来人胳膊下夹着两瓶水,一手炸药,一手捏住尚善的脸颊左右看了看,才缓缓问道:“没事吧?怎么了?”
红皮衣少年从地上跳了起来,气得够呛:“她就是一个死绿茶!任队你是鬼迷了心窍了吗!一点都看不出来!”
小红并不回应,只是给尚善扭开了水。
尚善往后一靠,做出无声的口型:都说了,玩你跟玩狗似的。
红皮衣少年捏住了自己的拳头,忍了。
“贱人!”他翻个白眼靠着窗边坐过去,蒙头睡觉。
尚善并没有接过小红手里的水,反而盯着地上的那摊水渍,她挑眉一笑。
纸条缓缓浮现在水面上,巡视一圈才找到尚善,纸上慢慢舒卷开露出个哭脸:
【呜呜呜,人家还以为找不到你了呢!】
尚善:“哭得真丑。”
纸条还没回复,那边红皮衣少年带着哭腔抬头骂道:“谁哭了!”
小红也不坐下,站在过道中间隔开两人。这时他才拍了拍红皮衣少年的肩膀,半是安慰道:“她辈分大,你让着她点。”

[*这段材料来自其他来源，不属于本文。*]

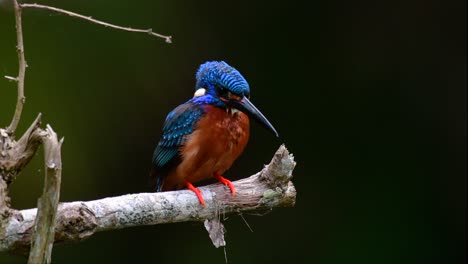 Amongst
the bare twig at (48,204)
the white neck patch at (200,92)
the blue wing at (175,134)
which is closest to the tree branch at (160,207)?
the bare twig at (48,204)

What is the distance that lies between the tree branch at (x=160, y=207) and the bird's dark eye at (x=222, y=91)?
0.36 m

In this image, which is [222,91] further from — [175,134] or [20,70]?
[20,70]

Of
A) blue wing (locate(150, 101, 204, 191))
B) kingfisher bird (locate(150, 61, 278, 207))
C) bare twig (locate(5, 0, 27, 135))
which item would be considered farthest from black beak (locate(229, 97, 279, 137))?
bare twig (locate(5, 0, 27, 135))

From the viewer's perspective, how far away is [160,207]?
2.88 metres

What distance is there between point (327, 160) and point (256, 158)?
53cm

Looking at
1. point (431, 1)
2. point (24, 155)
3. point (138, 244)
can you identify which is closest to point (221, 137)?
point (24, 155)

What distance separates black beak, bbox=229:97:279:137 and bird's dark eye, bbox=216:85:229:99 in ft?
0.12

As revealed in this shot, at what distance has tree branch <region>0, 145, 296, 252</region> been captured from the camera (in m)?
2.45

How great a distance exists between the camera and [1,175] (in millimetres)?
2445

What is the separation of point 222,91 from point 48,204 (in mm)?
1204

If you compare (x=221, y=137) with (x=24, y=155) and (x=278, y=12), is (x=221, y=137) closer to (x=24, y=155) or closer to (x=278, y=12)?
(x=24, y=155)

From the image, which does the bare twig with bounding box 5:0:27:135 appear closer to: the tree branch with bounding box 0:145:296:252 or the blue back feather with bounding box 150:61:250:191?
the tree branch with bounding box 0:145:296:252

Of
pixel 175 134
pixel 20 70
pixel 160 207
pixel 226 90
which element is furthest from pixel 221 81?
pixel 20 70

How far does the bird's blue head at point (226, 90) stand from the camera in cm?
324
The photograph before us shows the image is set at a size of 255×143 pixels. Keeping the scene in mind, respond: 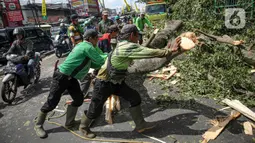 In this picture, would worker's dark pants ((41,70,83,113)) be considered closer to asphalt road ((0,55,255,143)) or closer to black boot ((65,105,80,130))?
black boot ((65,105,80,130))

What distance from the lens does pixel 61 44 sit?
10.9m

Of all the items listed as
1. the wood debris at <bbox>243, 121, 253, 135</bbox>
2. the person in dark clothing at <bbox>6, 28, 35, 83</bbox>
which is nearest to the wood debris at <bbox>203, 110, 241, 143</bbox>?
the wood debris at <bbox>243, 121, 253, 135</bbox>

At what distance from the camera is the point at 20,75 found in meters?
5.28

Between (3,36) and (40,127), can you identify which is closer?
(40,127)

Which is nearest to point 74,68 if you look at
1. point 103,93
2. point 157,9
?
point 103,93

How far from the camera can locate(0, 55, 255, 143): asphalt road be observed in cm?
325

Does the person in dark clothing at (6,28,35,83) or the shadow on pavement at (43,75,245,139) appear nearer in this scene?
the shadow on pavement at (43,75,245,139)

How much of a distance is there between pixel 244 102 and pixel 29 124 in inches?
182

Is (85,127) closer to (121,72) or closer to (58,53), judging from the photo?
(121,72)

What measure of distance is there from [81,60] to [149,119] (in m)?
1.84

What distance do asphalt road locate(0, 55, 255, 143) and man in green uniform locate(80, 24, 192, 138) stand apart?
0.94 feet

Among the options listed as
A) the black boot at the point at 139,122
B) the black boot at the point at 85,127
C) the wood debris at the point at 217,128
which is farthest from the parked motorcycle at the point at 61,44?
the wood debris at the point at 217,128

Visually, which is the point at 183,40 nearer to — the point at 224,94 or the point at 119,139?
the point at 119,139

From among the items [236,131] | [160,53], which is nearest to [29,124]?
[160,53]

纸条渐渐从水里浮起来,飘到半空中。还是只有尚善一个人能看见。
它卷起两个角朝尚善作了个揖,欣喜道:【经过doctor的评估,男主的变态程度大幅度减少,拯救世界指日可待!】
“怎么个减少法?”
【为您播放一段视频。】
地面上的水迹微微颤动了一下,倒影画面忽地一变,变成了方才车厢连接处的模样。
车厢顶上的月亮婴萎缩得更快了,它微微颤抖着。
这时,小红出现在了画面中,他凝视了一会儿月亮婴,忽然伸出手摸了摸它。月亮婴像是蹭了蹭他,与此同时无比清晰的童音也传达了过来:
“你能……再叫我一声……乖宝宝吗?”
尚善皱着眉头看去——小红露出个堪称温柔的笑,笑得眉目清秀。
他毫不犹豫地点了点头,指尖在月亮婴上亲昵地捏了捏。
“乖宝宝,妈妈的乖宝宝。”他的声音很轻。
尚善低头看向小红脚边包里的炸药,神色有些冷,道:“你刚刚没有炸了车厢。”
小红愣了下。
“没炸。”他说,“那月亮婴死得很平静,我测试过了,它的尸液不存在腐蚀污染物质。在这种情况下,炸车厢对火车轨道的损失程度不小于月亮婴。”
尚善再次把目光收回,落在了水面上。
水迹上的画面中那月亮婴听了小红的话,颤动了几番,像一个漏了气的气球一样慢慢扁了下去,温顺极了。
尚善冷笑一声,打开了小红递水的手。她活动活动脚腕,一把掀开身上的衣服,站起了身。
“别走,现在不安全。”小红立刻起身攥紧她的手腕,“等我召集幸存者,检查完所有的车厢,你再活动。”
尚善神色颇有些冷淡,她斜睨一眼两人相交的手腕,反问道:“你有你的事,我难道就没有我的事情吗?松手,任队长。”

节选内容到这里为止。